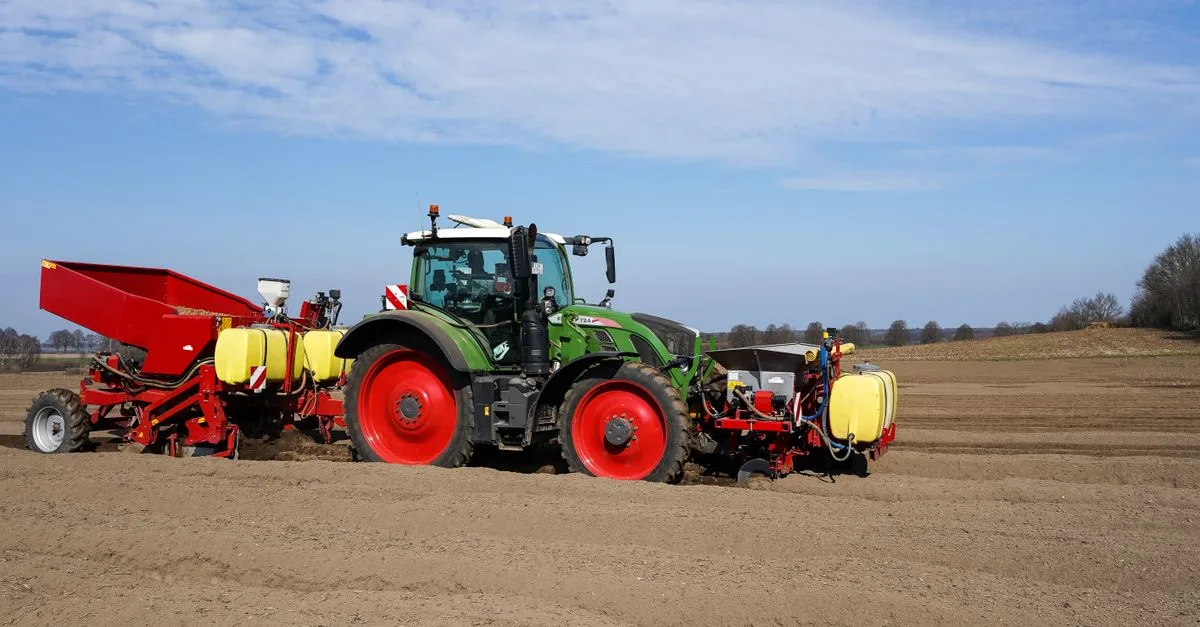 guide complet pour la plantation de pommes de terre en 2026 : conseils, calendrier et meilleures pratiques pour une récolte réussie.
--
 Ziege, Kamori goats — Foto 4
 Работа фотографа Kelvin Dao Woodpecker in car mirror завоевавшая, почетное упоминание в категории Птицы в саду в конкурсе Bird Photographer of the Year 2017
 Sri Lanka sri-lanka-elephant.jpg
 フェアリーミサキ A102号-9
* * *
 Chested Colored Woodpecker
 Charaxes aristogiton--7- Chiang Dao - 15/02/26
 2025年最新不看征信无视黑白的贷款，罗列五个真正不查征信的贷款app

Work request - Only the lines above starting at the line that holds "Charaxes aristogiton--7- Chiang" and ending at the line that holds "2025年最新不看征信无视黑白的贷款，罗列五个真正不查征信的贷款app" are to be repeated, exactly and in full.

Answer box -
 Charaxes aristogiton--7- Chiang Dao - 15/02/26
 2025年最新不看征信无视黑白的贷款，罗列五个真正不查征信的贷款app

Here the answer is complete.